5 Essential Tips for Protecting Your Shrubs from Winter Damage
Shrubs are garden workhorses, providing visual structure, colorful flowers and foliage, and wildlife habitat year-round, even in winter. But the coldest months of the year can be the most challenging for these plants thanks to sudden frigid blasts, hit-and-miss moisture, and hungry critters. Winter damage usually becomes evident the following spring, when shrubs are already in recovery mode or even dying. That's why it's best to take some time in the fall to protect your shrubs from snow, ice, drying winds, and other harsh conditions with these easy winter care tips. In return, your shrubs will reward you with lush, healthy growth as the weather warms up again.
1. Choose Hardy Shrub Varieties
The best way to increase your shrubs' chances of surviving a cold winter is to select plants that are suited to your climate. When selecting shrubs, trees, and other plants, check your hardiness zone and other required growing conditions to get the best possible plant for your location. If you have a shrub that regularly struggles through winter, consider replacing it with a species that is more suited to the unique growing conditions of your landscape. Begin your search with plants that are native to your area.
2. Keep Your Plants Well-Watered
Healthy and adequately hydrated plants have the best chance of surviving winter. Water is often the most limited resource for growth and one that you can supply with relative ease. Water shrubs deeply in fall, especially if moisture has been scarce during the growing season. Supplemental water will encourage strong root growth, which is the foundation of a strong, healthy plant, even after the stems have gone dormant. Aim to apply enough water to moisten the soil 8 to 10 inches below the surface once a week until the ground freezes.
3. Insulate Roots from Temperature Extremes
Newly planted shrubs and those that are sensitive to cold temperatures in your area need extra protection at the soil level.
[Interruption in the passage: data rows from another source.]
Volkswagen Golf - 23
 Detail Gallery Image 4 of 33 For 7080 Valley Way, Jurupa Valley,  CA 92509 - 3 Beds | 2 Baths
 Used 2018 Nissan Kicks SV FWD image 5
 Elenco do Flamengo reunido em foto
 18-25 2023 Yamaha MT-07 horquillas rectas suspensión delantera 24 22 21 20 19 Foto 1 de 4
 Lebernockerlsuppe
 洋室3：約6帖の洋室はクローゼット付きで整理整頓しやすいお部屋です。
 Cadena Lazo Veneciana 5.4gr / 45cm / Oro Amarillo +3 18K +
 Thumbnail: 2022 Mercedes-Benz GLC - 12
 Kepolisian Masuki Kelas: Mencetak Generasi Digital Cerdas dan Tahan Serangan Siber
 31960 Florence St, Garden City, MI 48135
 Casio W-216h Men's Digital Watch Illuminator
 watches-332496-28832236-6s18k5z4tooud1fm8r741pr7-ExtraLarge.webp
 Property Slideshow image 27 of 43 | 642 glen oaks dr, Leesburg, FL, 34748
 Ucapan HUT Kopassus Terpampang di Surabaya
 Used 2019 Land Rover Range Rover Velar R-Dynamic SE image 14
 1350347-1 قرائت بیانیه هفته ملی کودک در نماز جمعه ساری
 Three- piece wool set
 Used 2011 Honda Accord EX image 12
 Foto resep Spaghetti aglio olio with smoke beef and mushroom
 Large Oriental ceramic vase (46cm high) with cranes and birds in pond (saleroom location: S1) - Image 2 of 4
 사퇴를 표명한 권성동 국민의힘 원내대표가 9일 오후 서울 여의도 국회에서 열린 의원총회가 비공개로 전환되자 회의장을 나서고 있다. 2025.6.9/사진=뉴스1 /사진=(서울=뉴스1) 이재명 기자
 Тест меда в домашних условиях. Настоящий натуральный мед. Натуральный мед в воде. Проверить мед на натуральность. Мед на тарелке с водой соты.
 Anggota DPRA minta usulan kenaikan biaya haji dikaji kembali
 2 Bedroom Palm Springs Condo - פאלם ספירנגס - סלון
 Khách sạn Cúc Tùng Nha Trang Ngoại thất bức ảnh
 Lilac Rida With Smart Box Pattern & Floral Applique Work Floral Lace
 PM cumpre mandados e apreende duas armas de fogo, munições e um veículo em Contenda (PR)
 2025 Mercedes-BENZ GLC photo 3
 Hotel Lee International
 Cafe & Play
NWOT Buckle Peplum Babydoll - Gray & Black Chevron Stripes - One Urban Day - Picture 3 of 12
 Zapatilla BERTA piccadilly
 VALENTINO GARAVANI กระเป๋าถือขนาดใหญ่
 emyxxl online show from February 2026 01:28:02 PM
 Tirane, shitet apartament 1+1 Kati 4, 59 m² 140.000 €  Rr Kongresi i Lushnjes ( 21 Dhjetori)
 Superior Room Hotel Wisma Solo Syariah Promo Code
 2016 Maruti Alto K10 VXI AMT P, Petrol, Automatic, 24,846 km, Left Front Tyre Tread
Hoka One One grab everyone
Snow naturally helps insulate the plant’s root zone and moderate soil temperature, but you can't count on a consistent 12-inch layer of white every year. Spread a 4-inch layer of mulch around your shrubs to create a blanket of protection. Shredded bark, leaves, straw, or compost are all good mulch choices. Remove the mulch at the first signs of growth in spring.
4. Prevent Critter Damage
Hungry deer, rabbits, mice, and all their relatives can turn a shrub into a winter buffet when food sources are in short supply across the landscape. Unfortunately, no shrubs are safe from animal damage during particularly harsh winters. The best tactic is to fence especially vulnerable plants, such as arborvitae and yews. Use a barrier around valuable or sentimental landscape plants, too.
Fencing material varies depending on the critters you are trying to keep at bay. Rabbits, mice, and other small rodents can be shut out with a cylinder of ¼-inch mesh hardware cloth ($13, The Home Depot) wrapped around the shrub. Be sure your barrier extends at least 24 inches above the anticipated snow line. For added protection, bury the bottom edge of the hardware cloth a few inches in the ground to prevent animals from burrowing under it to access the shrub. If you want to keep deer away, you'll need a fence at least 8 feet tall.
Liquid repellents can keep deer and other animals away when applied frequently. Products made from strong-smelling egg solids, predator urine, and slaughterhouse waste are the most effective, but if you'd like to spare your own nose, you might not want to use them too close to walkways or outdoor seating areas. For best results with repellents, begin applying them early in the season and reapply after rain or snow.
5. Protect Shrubs from Winter Winds
Broadleaf evergreen shrubs, such as rhododendrons and boxwood are especially susceptible to drying winter winds. Strong gusts of freezing air can cause the plants’ leaves or needles to lose water and eventually turn brown. The water loss can be extreme enough to severely damage or kill a shrub.
Creating a temporary windbreak around vulnerable plants will help. For larger shrubs, drive a few stakes into the ground around the plant in fall. Wrap the stakes with burlap or canvas cloth. Never use plastic; it can cause damaging temperature fluctuations. For smaller shrubs, a plant cover ($13, The Home Depot) is a simple solution.